SANDY: But that is all indirect evidence. Surely you want some direct evidence? That is what the Turing test is for. And I think it is the only way to test for “thinkinghood.”

CHRIS: But you could be fooled by the Turing test, just as an interrogator could think a man was a woman.

SANDY: I admit, I could be fooled if I carried out the test in too quick or too shallow a way. But I would go for the deepest things I could think of.

CHRIS: I would want to see if the program could understand jokes. That would be a real test of intelligence.

SANDY: I agree that humour probably is an acid test for a supposedly intelligent program, but equally important to me—perhaps more so—would be to test its emotional responses. So I would ask it about its reactions to certain pieces of music or works of literature—especially my favourite ones.

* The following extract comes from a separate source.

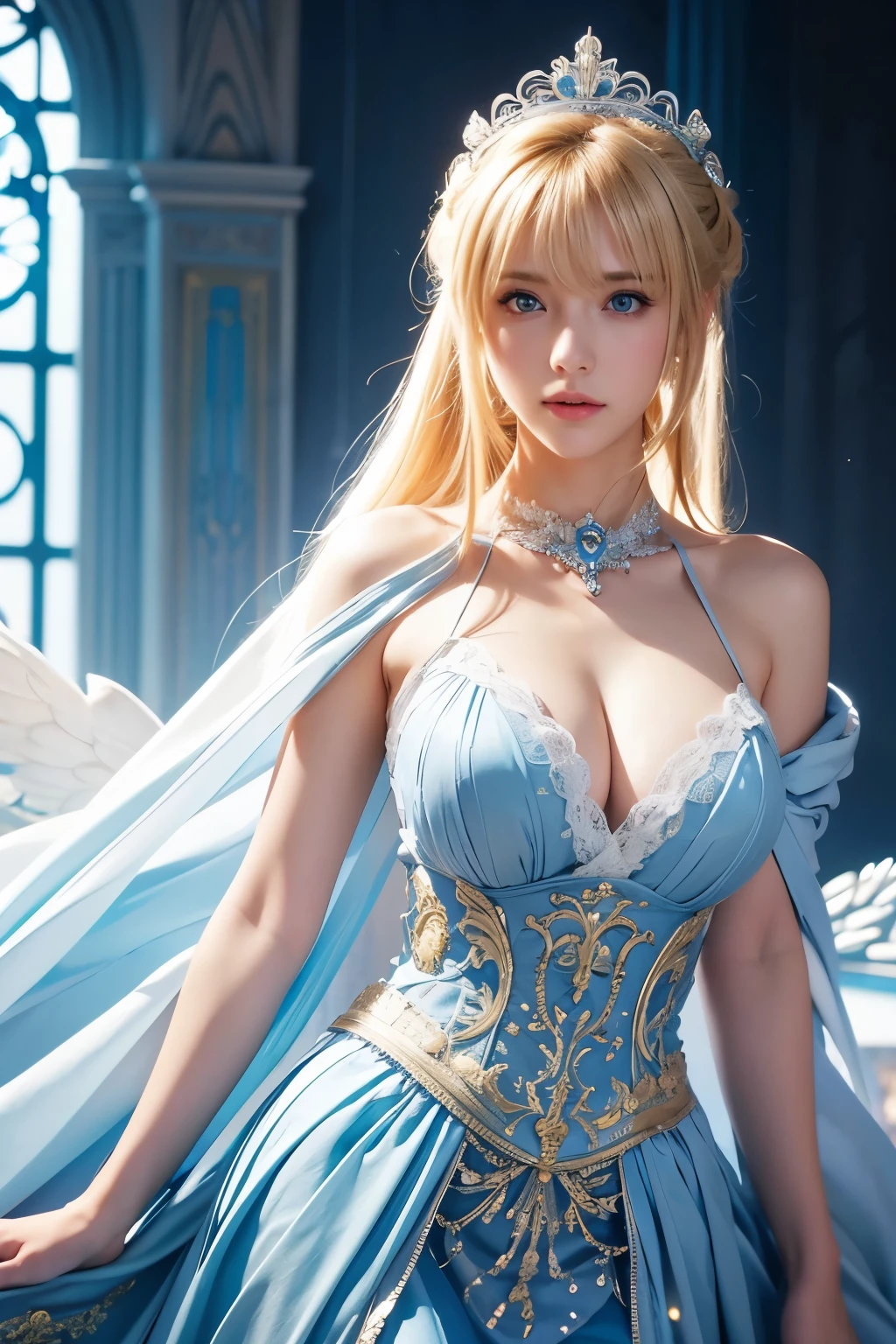 a photography, HD,, photo, woman, beautiful dress ornate, mdjrny-v5, style portrait of a gorgeous blond female in the style of stefan kostic, realistic, half body shot, sharp focus, 8 k high definition, insanely detailed, intricate, elegant, art by stanley lau and artgerm, extreme blur flames background, Princess girl with wing, Blue, Pastel, glitter, dramatic, dreamy, pastel, Watercolor, Whimsical, Delicate, seashell crown, Trending on Artstation, Highly detailed, Intricate, Portrait, digital painting, Fantasy theme, Fantasy robes, Fantasy concept art, Fantasy character art, Smug, Teenage girl, perfect body, full body, dreamy, pastel, Watercolor, Whimsical, Delicate, seashell crown masterpiece, 8k, perfect lighting, , adult, female, cowboy shot, looking at viewer, cinematic lighting, Fawn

CHRIS: What if it said, “I don’t know that piece,” or even “I have no interest in music”? What if it avoided all emotional references?

SANDY: That would make me suspicious. Any consistent pattern of avoiding certain issues would raise serious doubts in me as to whether I was dealing with a thinking being.

CHRIS: Why do you say that? Why not say you’re dealing with a thinking but unemotional being?

SANDY: You’ve hit upon a sensitive point. I simply can’t believe that emotions and thought can be divorced. Put another way, I think that emotions are an automatic by-product of the ability to think. They are implied by the very nature of thought.

CHRIS: Well, what if you’re wrong? What if I produced a machine that could think but not emote? Then its intelligence might go unrecognized because it failed to pass your kind of test.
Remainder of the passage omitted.